Tag Archives: data portability

People and online services: leaving value on the table

The recent Google-Facebook flap demonstrates that the hottest battleground for users’ control of the data they pump into these online services is the sites’ Terms of Service. Why? Because when you’re not a paying customer, you’re not in a hugely strong bargaining position. As I put it to ReadWriteWeb in their piece on data portability implications of the debate: Facebook’s end-users are not its customers; they’re the product. (Or as my Data Without Borders pal Steve Greenberg sometimes puts it, users are crops…getting harvested. Oh dear.)

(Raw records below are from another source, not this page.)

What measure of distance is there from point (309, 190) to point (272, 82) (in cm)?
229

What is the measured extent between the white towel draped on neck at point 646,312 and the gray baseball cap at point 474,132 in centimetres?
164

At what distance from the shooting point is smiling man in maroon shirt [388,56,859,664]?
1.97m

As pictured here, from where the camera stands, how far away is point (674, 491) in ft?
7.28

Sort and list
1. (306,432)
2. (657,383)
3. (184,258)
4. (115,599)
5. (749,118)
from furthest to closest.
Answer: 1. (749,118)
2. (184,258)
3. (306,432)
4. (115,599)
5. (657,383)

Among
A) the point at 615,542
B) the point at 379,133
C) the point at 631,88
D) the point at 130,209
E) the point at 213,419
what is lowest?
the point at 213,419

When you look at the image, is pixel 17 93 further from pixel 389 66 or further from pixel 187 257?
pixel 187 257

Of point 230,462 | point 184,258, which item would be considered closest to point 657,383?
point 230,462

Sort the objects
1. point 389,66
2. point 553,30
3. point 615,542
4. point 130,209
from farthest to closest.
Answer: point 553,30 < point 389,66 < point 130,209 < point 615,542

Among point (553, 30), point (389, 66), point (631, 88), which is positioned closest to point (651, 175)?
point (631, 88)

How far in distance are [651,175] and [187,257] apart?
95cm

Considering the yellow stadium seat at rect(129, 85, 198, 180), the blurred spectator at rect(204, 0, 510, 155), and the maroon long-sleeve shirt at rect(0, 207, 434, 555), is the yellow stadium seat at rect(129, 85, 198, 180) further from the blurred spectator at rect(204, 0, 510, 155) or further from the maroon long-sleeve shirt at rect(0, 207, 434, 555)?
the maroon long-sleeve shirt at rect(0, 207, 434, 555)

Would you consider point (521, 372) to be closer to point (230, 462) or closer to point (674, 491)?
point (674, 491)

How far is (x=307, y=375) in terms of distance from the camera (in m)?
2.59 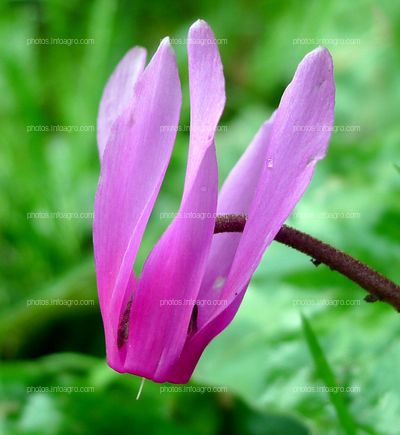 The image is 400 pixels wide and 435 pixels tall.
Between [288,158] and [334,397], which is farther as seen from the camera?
[334,397]

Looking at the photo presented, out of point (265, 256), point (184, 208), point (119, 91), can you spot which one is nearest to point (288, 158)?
point (184, 208)

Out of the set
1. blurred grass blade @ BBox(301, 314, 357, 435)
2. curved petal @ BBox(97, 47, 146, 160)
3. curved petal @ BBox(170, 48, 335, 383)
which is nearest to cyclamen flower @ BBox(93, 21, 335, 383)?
curved petal @ BBox(170, 48, 335, 383)

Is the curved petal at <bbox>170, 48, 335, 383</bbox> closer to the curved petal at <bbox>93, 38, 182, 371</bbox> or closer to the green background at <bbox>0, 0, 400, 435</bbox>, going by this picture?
the curved petal at <bbox>93, 38, 182, 371</bbox>

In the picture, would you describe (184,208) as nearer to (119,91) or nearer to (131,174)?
(131,174)

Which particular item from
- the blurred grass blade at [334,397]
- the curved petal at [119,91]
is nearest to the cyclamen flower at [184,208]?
the curved petal at [119,91]

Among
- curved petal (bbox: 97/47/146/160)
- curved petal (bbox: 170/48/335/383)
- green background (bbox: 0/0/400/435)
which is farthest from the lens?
green background (bbox: 0/0/400/435)

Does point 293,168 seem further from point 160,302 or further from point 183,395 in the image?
point 183,395

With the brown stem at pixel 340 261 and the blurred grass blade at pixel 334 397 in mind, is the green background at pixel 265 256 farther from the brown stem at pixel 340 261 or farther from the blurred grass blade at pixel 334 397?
the brown stem at pixel 340 261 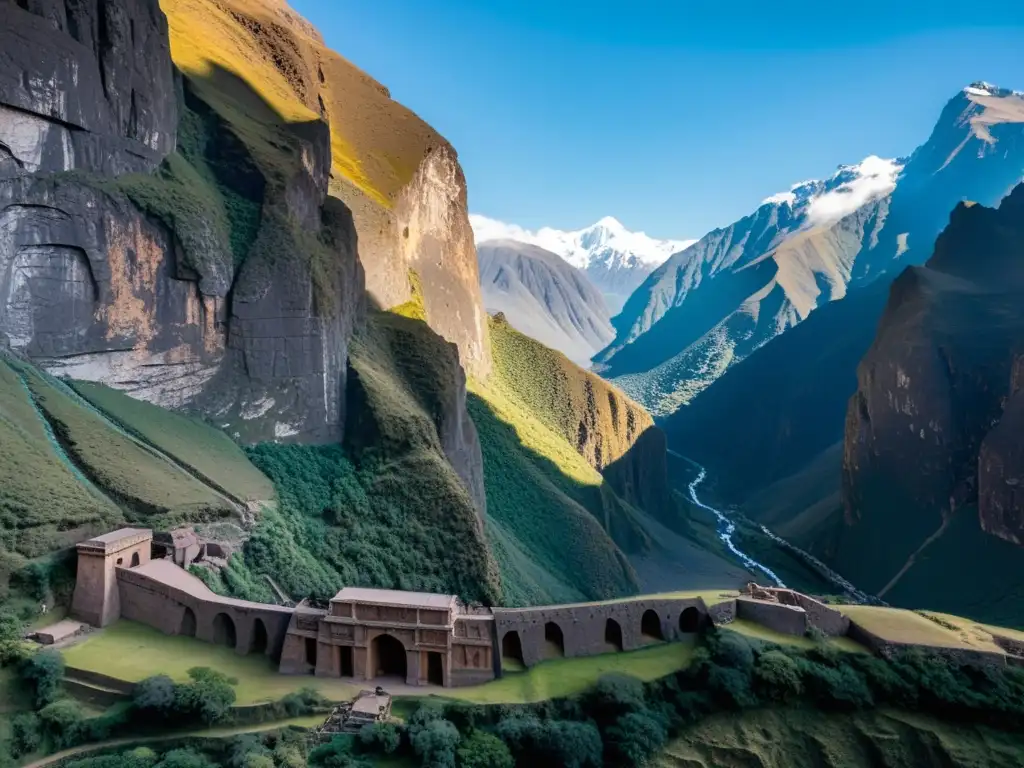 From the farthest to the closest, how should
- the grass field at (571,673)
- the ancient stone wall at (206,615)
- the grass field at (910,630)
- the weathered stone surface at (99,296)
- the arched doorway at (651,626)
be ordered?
the weathered stone surface at (99,296), the arched doorway at (651,626), the grass field at (910,630), the ancient stone wall at (206,615), the grass field at (571,673)

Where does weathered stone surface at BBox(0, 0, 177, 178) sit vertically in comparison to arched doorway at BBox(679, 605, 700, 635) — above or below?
above

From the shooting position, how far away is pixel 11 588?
3159 cm

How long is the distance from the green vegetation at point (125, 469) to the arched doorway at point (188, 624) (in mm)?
5341

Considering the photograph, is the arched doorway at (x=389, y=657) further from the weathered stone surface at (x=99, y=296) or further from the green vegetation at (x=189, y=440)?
the weathered stone surface at (x=99, y=296)

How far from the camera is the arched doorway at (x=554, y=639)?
3512 cm

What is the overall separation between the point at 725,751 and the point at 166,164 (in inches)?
1766

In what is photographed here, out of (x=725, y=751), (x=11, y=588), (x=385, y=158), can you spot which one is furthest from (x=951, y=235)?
(x=11, y=588)

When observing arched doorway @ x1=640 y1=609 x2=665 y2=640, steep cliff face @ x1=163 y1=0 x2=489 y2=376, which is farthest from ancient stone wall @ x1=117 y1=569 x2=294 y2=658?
steep cliff face @ x1=163 y1=0 x2=489 y2=376

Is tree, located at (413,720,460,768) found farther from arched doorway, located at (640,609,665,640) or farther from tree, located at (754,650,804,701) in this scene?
tree, located at (754,650,804,701)

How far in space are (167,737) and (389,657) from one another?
8875 mm

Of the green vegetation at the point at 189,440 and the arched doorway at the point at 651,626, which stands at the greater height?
the green vegetation at the point at 189,440

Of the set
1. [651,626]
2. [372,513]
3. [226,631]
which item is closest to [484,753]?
[651,626]

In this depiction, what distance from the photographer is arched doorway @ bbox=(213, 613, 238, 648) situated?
3366cm

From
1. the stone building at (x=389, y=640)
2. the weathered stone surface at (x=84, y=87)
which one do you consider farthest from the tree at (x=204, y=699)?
the weathered stone surface at (x=84, y=87) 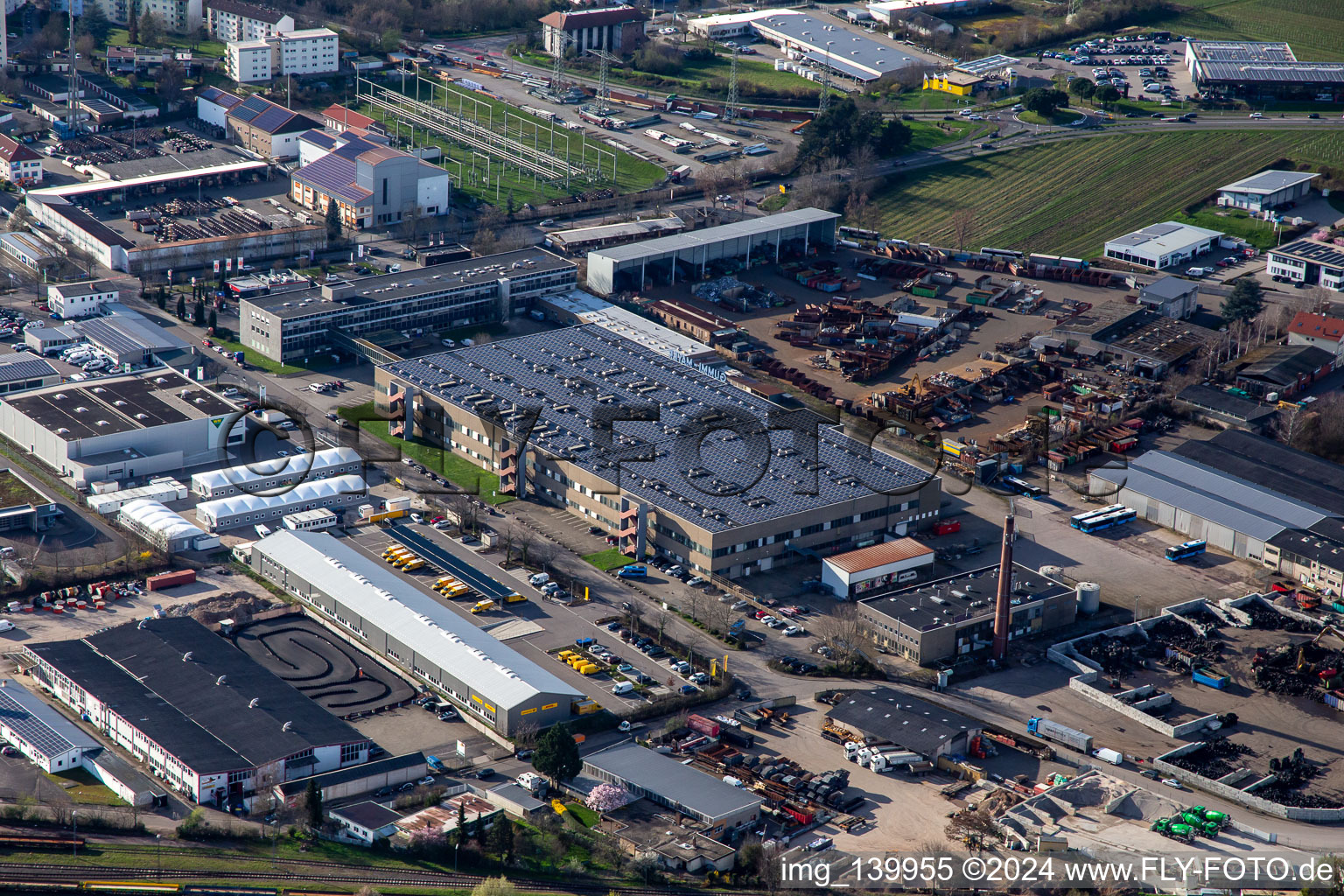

For all “free” online services, it’s worthwhile to ask: What am I paying instead? If it’s not money, is it attention to ads? …behavioral cues about myself and my preferences? …personally identifiable data? …beta-testing time? …what, exactly? Payment for services rendered isn’t a bad thing. But it’s always something, and you might as well not be a chump.

That’s why I like Frank Catalano’s new TechFlash post viewing personal data sharing through an economic lens and discussing how to barter your data more equitably. Regarding his second point, “hide”: I’d actually be thrilled if more online services that were marketed to individuals offered a premium for-pay option; it would keep out the riff-raff and give people more meaningful control over their relationships with the companies offering the services.

It’s not just individuals who are leaving something on the table, though. I think there’s a big untapped market in selective sharing, which is like “privacy” (poor abused word), without the assumption that minimal disclosure is the be-all and end-all. What would you start sharing with a selective set of people and businesses, if you could have confidence that your expectations around context, control, choice, and respect would be met?

That’s why I think Dave McClure has it right with his notion of intimacy as a market opportunity Facebook currently has no idea how to address. (“maybe I only want to tell a few close buddies about that episode with the VERY BAD bean burrito” — yeah, thanks for keeping this sharing episode VERY selective. :-)

And that’s why I think Esther Dyson doesn’t quite have it right in saying privacy is a marketing problem. Her exhortation to “Know your customer, and talk to that person as an individual, not as someone in a bucket” has a natural barrier: Facebook and others are serving their actual customers very well indeed by, uh, making more product.

And that’s why I think User-Managed Access could help: Becoming paying customers of services that need our data is good. But becoming, in addition, producers of data products as peers in a selective data-sharing network, and dictating our own Terms of Access for getting to them, is even better.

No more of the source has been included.